Planet.python.org

Continuum Analytics News: Taking the Wheel: How Open Source is Driving Data Science

2016-05-27

Company Blog

Posted Friday, May 27, 2016

Travis Oliphant

Chief Executive Officer & Co-Founder

The world is a big, exciting place—and thanks to cutting-edge technology, we now have amazing ways to explore its many facets. Today, self-driving cars, bullet trains and even private rocket ships allow humans to travel anywhere faster, more safely and more efficiently than ever before.

But technology's impact on our exploratory abilities isn't just limited to transportation: it's also revolutionizing how we navigate the Data Science landscape. More companies are moving toward Open Data Science and the open source technology that underlies it. As a result, we now have an amazing new fleet of vehicles for our data-related excursions.

We're no longer constrained to the single railroad track or state highway of a proprietary analytics product. We can use hundreds of freely available open source libraries for any need: web scraping, ingesting and cleaning data, visualization, predictive analytics, report generation, online integration and more. With these tools, any corner of the Data Science map—astrophysics, financial services, public policy, you name it—can be reached nimbly and efficiently.

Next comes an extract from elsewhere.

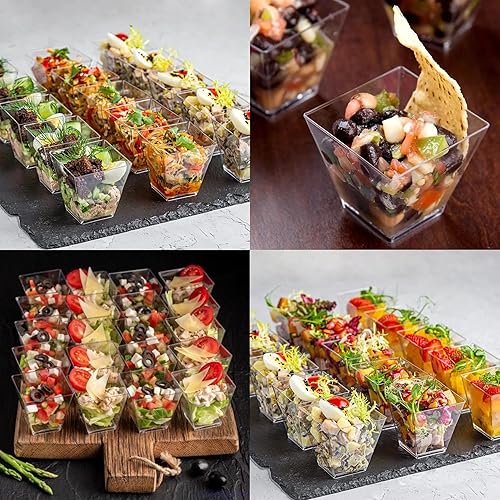 Miniatura 6 de 200 vasos cuadrados de plástico de 2 onzas, mini tazas de postre de 2 onzas, vasos de chupito pequeños transparentes a granel para bebidas,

But even in this climate of innovation, nobody can afford to completely abandon previous solutions and traditional approaches still remain viable. Fortunately, graceful interoperability is one of the hallmarks of Open Data Science. In appropriate scenarios, it accommodates the blending of legacy code or proprietary products with open source solutions. After all, sometimes taking the train is necessary and even preferable.

Regardless of which technology teams use, the open nature of Open Data Science allows you to travel across the data terrain in a way that is transparent and accessible for all participants.

Data Science in Overdrive

Let's take a look at six specific ways Open Data Science is propelling analytics for small and large teams.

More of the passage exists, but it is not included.